By contrast, in terms of their parameters, enterprise transformations must navigate far choppier waters. At any point, budgets are liable to be cut in favour of other ventures. What “good” looks like for the programme may wax and wane with changing corporate priorities. The inputs may also shift – the software that everyone believes is the hot ticket today may be out of favour in 18 months; or the feisty operations director, keen on process change, may have moved on before you’ve finished your Visio diagrams. With change so prevalent in modern organisations, moving quickly from a transformation strategy to the initiation of a large programme may be like trying to build a house on sand.

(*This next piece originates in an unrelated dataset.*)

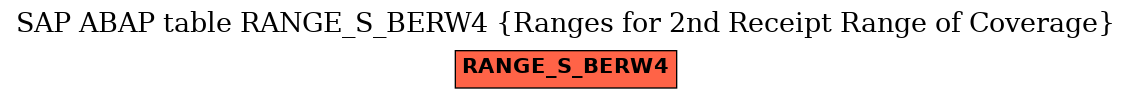 E-R Diagram for table RANGE_S_BERW4 (Ranges for 2nd Receipt Range of Coverage)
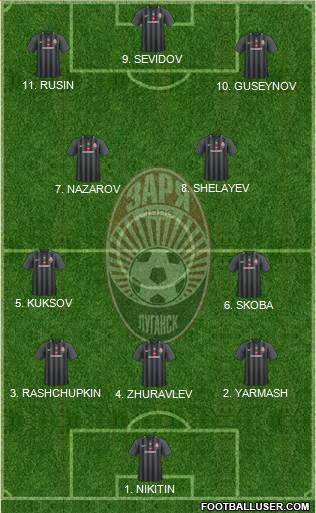 Zorya Lugansk Formation 2023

There are other dangers with creating large programmes. Big programmes inevitably mean lots of consultants. There are many threats here. The first is the risk of upsetting your internal staff. “Once again the sexy stuff has gone to the hired help,” they cry. The consultants may also try to manage their risk by tying down scope and plans as tightly as possible, while vigorously resisting change. Again, while resisting change may be virtuous in stable environments, this can risk failure in endeavours as innately amorphous as attempting to transform an evolving organisation.

So what’s the alternative? When it comes to risky ventures CIOs should take inspiration from their high-flying cousins in the world of venture capitalism.

Could a better way to turn transformational visions into reality be to place a few bets? Backing several high-risk smaller projects may be more sensible than concentrating all the risk into a single programme.

The advantages of this suck-it-and-see approach are manifold.

First, from a motivation standpoint, you’re more likely to keep your most talented internal staff engaged and motivated. Some of them will get to keep their projects rolling, instead of being subsumed in the larger programme.

Second, by demanding these mini-projects adopt agile practices, providing early demonstrations of alpha-tested solutions, you can clearly see the ideas that are really working and what really matters to users. This is a much more reliable source of management information than that gleaned from workshops asking users what they think they might need.

Third, staff performance becomes more transparent. It’s easy to see which teams and individuals are delivering – unlike in a large programme, underperformers have nowhere to hide. Killing one failing “start-up project” is a lot easier than trying to weed out the chaff in a larger programme.

Finally, this suck-it-and-see, multiple-runners approach is much more resilient to the shifting tides of the evolving enterprise. If budgets get squeezed or priorities change, the CIO can focus on the projects that are best aligned to the new corporate strategy. Shifting the course of a large existing programme can be much trickier.

Does this “venturist” approach mean throwing out the consultants, the project managers or professional programme managers? No.

It does however mean thinking hard about when and how to bring in expert external supervision. When a project has truly proven itself in the internal marketplace, when its needs and likely outcomes have become more predictable, bringing in a professional programme manager might be the right answer.

Equally, consultants can act as excellent catalysts when deployed sparingly across multiple projects in the way directors at a venture capital firm might mentor several start-ups. This principle of expediency holds for project management reporting and auditing. While tracking project finances is imperative, lean regimes that focus on demonstrations of working solutions trump those seeking manicured project plans and exhaustive documentation.

So a venturist approach comes with a new set of responsibilities, a new set of values for managing risk and less regard for hierarchy. When it comes to transformation and innovation, CIOs need to embrace the ideals of venture capitalists, where flat structures, loose reins and the start-up ethos of letting the “teenagers in the garage” run the show get results.